Your answer should consist solely of the lines from the first line of the data through the line with "Nơi tìm lại tuổi thơ cho trẻ em phố thị", each reproduced exactly.

[Collection entries]
*-*-*
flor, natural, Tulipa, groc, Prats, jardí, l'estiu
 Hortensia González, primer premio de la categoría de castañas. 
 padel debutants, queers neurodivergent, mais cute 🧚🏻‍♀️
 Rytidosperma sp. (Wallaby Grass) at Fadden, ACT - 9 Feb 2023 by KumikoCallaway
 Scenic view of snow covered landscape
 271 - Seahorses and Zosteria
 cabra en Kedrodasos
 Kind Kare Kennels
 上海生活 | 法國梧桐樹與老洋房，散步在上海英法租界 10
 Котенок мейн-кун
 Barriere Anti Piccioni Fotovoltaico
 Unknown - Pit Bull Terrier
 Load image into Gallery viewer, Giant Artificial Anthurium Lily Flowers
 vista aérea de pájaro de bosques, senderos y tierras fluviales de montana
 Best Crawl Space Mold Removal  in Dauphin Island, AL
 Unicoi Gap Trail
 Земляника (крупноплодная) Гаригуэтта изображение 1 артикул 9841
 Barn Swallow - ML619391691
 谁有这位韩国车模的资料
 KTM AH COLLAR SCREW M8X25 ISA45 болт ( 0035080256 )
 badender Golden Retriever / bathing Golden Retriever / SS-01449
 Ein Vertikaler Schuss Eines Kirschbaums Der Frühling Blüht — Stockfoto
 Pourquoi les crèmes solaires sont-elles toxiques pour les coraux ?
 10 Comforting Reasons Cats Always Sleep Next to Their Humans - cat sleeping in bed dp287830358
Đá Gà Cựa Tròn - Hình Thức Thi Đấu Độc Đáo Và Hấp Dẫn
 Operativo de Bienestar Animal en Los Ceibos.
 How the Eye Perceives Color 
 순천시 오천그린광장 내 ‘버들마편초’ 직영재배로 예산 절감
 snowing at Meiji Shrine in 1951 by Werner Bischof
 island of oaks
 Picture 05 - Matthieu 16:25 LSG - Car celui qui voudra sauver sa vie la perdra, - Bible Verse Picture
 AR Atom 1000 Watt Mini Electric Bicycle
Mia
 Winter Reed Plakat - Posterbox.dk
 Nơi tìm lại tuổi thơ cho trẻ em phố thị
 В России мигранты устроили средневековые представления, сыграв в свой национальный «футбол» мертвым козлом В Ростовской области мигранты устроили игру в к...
*-*-*
Written reply
flor, natural, Tulipa, groc, Prats, jardí, l'estiu
 Hortensia González, primer premio de la categoría de castañas. 
 padel debutants, queers neurodivergent, mais cute 🧚🏻‍♀️
 Rytidosperma sp. (Wallaby Grass) at Fadden, ACT - 9 Feb 2023 by KumikoCallaway
 Scenic view of snow covered landscape
 271 - Seahorses and Zosteria
 cabra en Kedrodasos
 Kind Kare Kennels
 上海生活 | 法國梧桐樹與老洋房，散步在上海英法租界 10
 Котенок мейн-кун
 Barriere Anti Piccioni Fotovoltaico
 Unknown - Pit Bull Terrier
 Load image into Gallery viewer, Giant Artificial Anthurium Lily Flowers
 vista aérea de pájaro de bosques, senderos y tierras fluviales de montana
 Best Crawl Space Mold Removal  in Dauphin Island, AL
 Unicoi Gap Trail
 Земляника (крупноплодная) Гаригуэтта изображение 1 артикул 9841
 Barn Swallow - ML619391691
 谁有这位韩国车模的资料
 KTM AH COLLAR SCREW M8X25 ISA45 болт ( 0035080256 )
 badender Golden Retriever / bathing Golden Retriever / SS-01449
 Ein Vertikaler Schuss Eines Kirschbaums Der Frühling Blüht — Stockfoto
 Pourquoi les crèmes solaires sont-elles toxiques pour les coraux ?
 10 Comforting Reasons Cats Always Sleep Next to Their Humans - cat sleeping in bed dp287830358
Đá Gà Cựa Tròn - Hình Thức Thi Đấu Độc Đáo Và Hấp Dẫn
 Operativo de Bienestar Animal en Los Ceibos.
 How the Eye Perceives Color 
 순천시 오천그린광장 내 ‘버들마편초’ 직영재배로 예산 절감
 snowing at Meiji Shrine in 1951 by Werner Bischof
 island of oaks
 Picture 05 - Matthieu 16:25 LSG - Car celui qui voudra sauver sa vie la perdra, - Bible Verse Picture
 AR Atom 1000 Watt Mini Electric Bicycle
Mia
 Winter Reed Plakat - Posterbox.dk
 Nơi tìm lại tuổi thơ cho trẻ em phố thị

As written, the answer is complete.